*** Opening Listed records ***

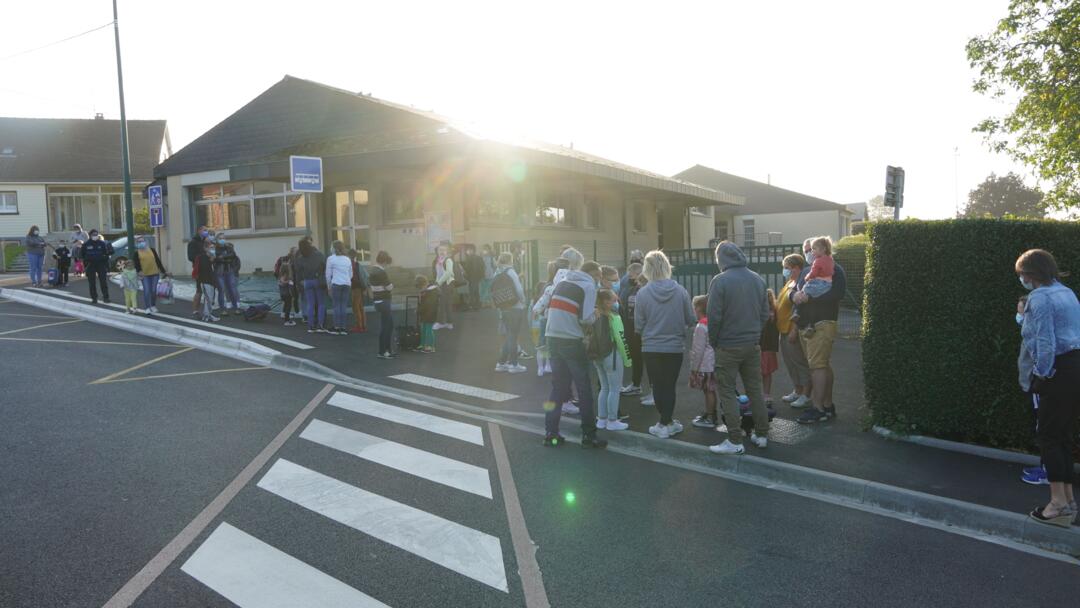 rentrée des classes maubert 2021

*** Closing Listed records ***
*** Opening Listed records ***

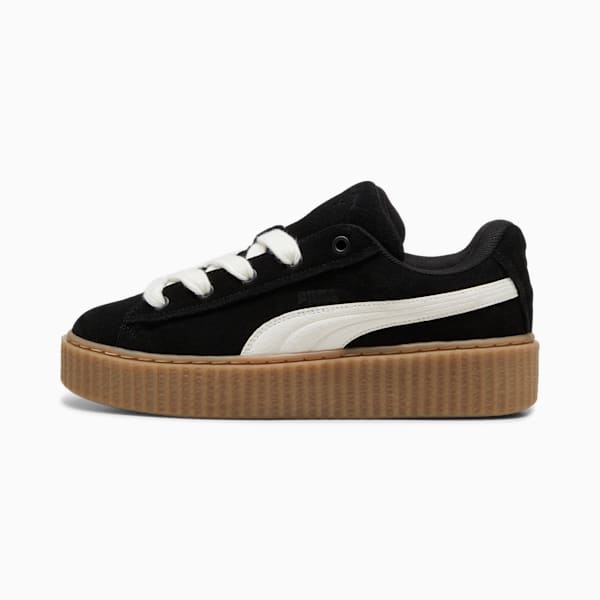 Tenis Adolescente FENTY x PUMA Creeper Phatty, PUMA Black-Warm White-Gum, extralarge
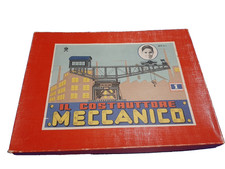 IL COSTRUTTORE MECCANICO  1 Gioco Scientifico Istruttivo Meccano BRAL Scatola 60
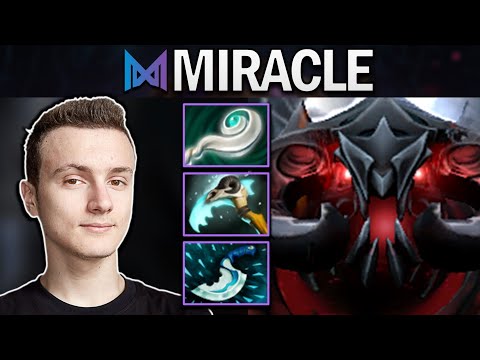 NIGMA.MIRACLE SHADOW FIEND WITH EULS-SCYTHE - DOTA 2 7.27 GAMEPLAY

*** Closing Listed records ***
*** Opening Listed records ***

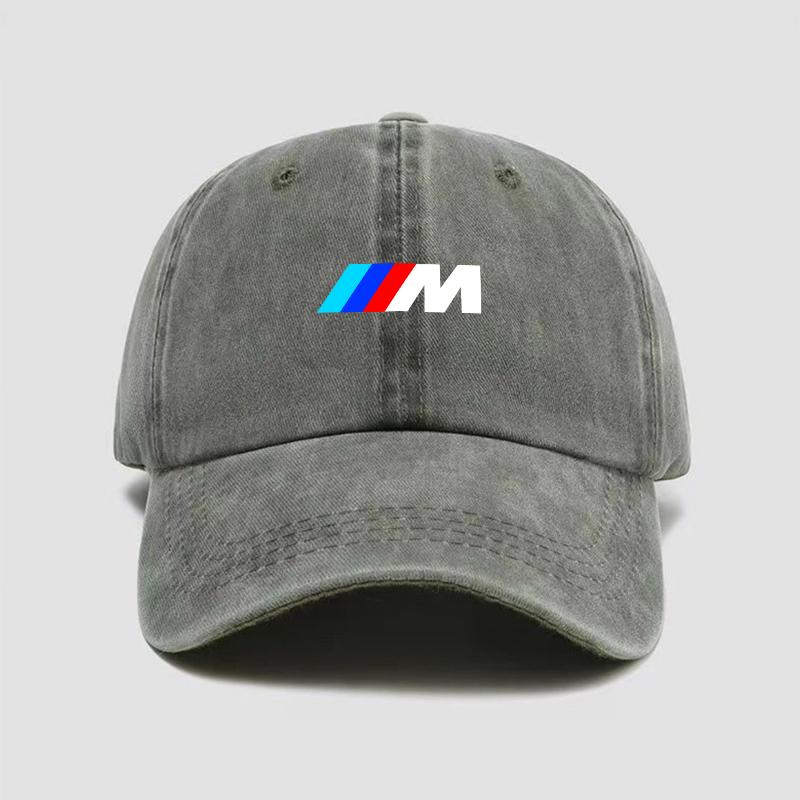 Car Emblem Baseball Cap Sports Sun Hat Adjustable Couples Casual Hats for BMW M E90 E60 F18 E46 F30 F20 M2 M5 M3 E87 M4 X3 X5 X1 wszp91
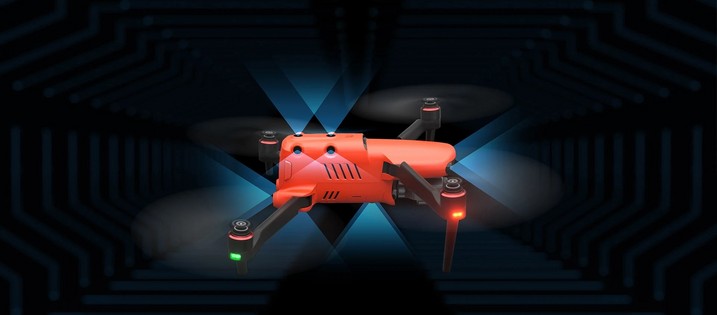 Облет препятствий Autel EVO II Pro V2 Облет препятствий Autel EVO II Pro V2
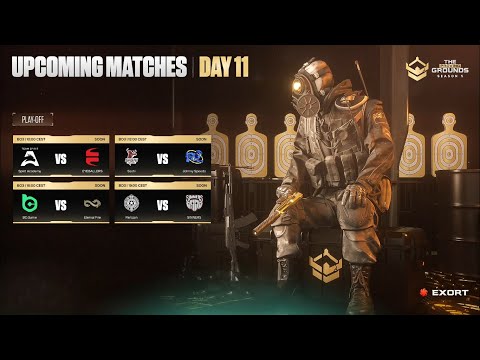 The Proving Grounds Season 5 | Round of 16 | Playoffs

*** Closing Listed records ***

*Task to carry out*
Your answer must be everything above from the line with "Tenis Adolescente FENTY" down to the line with "NIGMA.MIRACLE SHADOW FIEND", word for word, and no pictures.

*Problem solution*
 Tenis Adolescente FENTY x PUMA Creeper Phatty, PUMA Black-Warm White-Gum, extralarge
 IL COSTRUTTORE MECCANICO  1 Gioco Scientifico Istruttivo Meccano BRAL Scatola 60
 NIGMA.MIRACLE SHADOW FIEND WITH EULS-SCYTHE - DOTA 2 7.27 GAMEPLAY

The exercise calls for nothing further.